I thought it was really cute, and I tried to hand the “ball” to Beth and Rob a couple times, but they didn’t want to play. While I was doing that, the little boy kept catching something I didn’t throw, and it was adorable. I want kids someday, but I like being childless right now. :)

I just started reading Craig Ferguson’s (of The Late Late Show fame) fiction novel called Between the Bridge and the River.
So far, I have only read the first three chapters, but Craig Ferguson is hilarious and painfully realistic at the same time. He sings his own theme song:

It’s Hard to Stay Up
It’s Been a Long, Long Day and You Got the Sandman at the Door
But Hang On, Leave the TV On and Let’s Do It Anyway
It’s OK, You Can Always Sleep Through Work Tomorrow, OK?
Hey Hey
Tomorrow’s Just a Future Yesterday

which you can hear by visiting http://www.cbs.com/latenight/latelate/ It’s at the bottom of the page on the right.

Inner Musings Posted for the World to Read. Yikes.

I am down. And the only thing I want to do is spend money. I want to buy a Playstation DS and Brain Age. I want to buy Set. I want to buy Cheez-its and Dr. Pepper. I want to buy any little gadget I see in Wal-Mart or Walgreens or wherever I’m shopping at at the moment.

Why? Why do I think that purchase is going to make me happy? Why do I think that something outside of myself could please me, ease me? I know that isn’t possible. I have to make myself happy. Do things for others, do things for myself. Buying things is only going to satisfy me on the surface, but tomorrow when I wake up, I’m just going to be down again because the newness has worn off.

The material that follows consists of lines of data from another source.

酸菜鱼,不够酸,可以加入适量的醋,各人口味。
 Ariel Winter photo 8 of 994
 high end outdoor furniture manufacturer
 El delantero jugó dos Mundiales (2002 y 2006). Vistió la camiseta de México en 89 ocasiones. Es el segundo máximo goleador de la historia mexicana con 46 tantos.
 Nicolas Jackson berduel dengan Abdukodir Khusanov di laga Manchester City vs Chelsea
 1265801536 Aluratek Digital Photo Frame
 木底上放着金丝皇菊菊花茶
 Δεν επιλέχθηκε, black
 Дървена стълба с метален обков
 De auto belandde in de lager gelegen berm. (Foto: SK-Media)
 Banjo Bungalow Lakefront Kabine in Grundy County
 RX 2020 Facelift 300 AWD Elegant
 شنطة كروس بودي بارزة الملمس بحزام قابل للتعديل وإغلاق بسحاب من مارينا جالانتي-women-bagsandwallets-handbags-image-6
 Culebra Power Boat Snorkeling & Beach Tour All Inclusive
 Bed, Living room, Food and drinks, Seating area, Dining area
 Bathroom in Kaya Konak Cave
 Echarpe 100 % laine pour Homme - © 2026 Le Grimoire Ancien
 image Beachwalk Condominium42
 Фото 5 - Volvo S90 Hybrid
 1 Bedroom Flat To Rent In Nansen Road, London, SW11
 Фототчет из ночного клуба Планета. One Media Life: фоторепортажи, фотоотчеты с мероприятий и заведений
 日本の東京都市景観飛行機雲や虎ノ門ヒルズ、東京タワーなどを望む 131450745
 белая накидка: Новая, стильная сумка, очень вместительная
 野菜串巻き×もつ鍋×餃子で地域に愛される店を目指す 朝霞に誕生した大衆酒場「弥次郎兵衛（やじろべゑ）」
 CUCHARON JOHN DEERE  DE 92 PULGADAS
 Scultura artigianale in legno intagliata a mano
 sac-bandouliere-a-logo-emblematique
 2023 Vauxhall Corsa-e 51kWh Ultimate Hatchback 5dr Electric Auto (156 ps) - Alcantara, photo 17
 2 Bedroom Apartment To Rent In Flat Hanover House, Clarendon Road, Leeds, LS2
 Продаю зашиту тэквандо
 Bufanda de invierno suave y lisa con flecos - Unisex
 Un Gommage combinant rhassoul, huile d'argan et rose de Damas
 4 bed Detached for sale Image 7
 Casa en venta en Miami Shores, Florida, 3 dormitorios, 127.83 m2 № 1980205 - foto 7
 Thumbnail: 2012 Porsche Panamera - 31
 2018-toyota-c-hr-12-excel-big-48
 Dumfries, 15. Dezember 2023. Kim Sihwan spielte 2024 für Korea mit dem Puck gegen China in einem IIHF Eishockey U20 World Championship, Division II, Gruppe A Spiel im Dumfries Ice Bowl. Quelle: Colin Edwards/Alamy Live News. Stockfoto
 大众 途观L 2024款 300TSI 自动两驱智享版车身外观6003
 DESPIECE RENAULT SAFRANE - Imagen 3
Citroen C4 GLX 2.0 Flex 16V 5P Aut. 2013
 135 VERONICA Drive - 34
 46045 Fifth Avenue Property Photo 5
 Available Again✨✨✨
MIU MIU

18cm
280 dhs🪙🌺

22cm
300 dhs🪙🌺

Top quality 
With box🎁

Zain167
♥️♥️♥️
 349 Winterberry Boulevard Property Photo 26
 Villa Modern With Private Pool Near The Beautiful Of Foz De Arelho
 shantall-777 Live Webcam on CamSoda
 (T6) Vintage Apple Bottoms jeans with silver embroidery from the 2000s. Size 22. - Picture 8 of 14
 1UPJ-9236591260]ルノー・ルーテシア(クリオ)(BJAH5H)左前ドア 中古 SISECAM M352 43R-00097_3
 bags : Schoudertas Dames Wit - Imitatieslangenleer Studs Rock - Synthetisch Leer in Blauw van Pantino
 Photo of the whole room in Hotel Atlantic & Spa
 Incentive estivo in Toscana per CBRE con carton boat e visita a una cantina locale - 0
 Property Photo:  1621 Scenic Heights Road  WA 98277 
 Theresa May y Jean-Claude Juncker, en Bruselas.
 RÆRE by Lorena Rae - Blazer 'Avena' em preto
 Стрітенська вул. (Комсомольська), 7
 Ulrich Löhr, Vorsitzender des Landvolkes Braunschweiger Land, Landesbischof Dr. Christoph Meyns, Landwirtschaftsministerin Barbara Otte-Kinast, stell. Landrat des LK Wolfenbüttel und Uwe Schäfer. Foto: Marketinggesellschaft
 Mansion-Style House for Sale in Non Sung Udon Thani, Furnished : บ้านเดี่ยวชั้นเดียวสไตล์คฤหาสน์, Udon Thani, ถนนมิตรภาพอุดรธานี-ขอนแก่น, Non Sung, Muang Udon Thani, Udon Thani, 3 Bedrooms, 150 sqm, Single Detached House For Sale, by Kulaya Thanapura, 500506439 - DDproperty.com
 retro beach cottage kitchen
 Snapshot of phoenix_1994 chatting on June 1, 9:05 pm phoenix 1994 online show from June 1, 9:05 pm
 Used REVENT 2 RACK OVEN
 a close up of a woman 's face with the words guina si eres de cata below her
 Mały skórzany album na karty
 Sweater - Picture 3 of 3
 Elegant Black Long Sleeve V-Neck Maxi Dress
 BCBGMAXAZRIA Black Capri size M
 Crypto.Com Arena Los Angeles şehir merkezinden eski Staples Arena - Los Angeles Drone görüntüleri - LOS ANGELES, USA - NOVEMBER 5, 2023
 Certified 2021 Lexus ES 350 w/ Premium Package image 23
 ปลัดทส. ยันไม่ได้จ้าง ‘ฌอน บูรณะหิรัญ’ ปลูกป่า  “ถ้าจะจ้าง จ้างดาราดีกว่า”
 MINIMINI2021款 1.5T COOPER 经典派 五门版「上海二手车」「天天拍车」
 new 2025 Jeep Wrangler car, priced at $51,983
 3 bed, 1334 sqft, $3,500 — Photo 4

Spending money isn’t actually a stress-release valve. It doesn’t let any steam out for real; it just simulates it. And unless I have been saving for the thing that I want to buy, it will just add more financial stress in the long run. I certainly don’t want more debt, because it sucks. I like PAYING for the things we buy. Little stress now, because I can’t HAVE everything I want RIGHT NOW (wow, I sound like a spoiled brat!), but much less stress later because we have paid for everything we HAVE purchase. *sigh*

It’s a long, hard journey, to change myself from a spender to a saver. I know Hubby can’t always see the improvements I’ve made, but I certainly can. Back in the olden golden days, If the bank account was low, I’d put it on whichever credit card wasn’t maxed out. Then, when the beginning of the semester came around, which means scholarship money, I’d pay off a credit card or two, and just start piling it back on. No self-control.

Now, I shop, browse, whet my desires (which I shouldn’t even do, because it makes this transition more painful), and go home empty handed. I MIGHT buy something small that I truly enjoy, like a pack of uni*ball visions or a nice journal or something less than 10 or 20 bucks. I might even consider buying something bigger with a credit card, and twice in the past month, once for $30 and once for $8, I did put it on the card. But most of the time, I’ll just consider paying with plastic, carry it around for a while, then put it down, victorious.

Everything is paid for with the checking account. That’s a huge success right there. I like seeing this developing self-control. It’s painful, though. And it’s a long process. I love not having a bunch of irrational, unreasonable debt. We owe a little bit right now, but we did it purposefully, for things that we considered buying for months. And we never put the entire purchase on the card; we always paid for part of it with cash. *sigh* Maybe I just needed to get this all out to someone who’d listen without telling me how much further I have to go. I prefer looking back and seeing the successes than looking ahead and see the mountain still ahead of me; it gives me strength and doesn’t make me feel bad. Ah. Sweet release.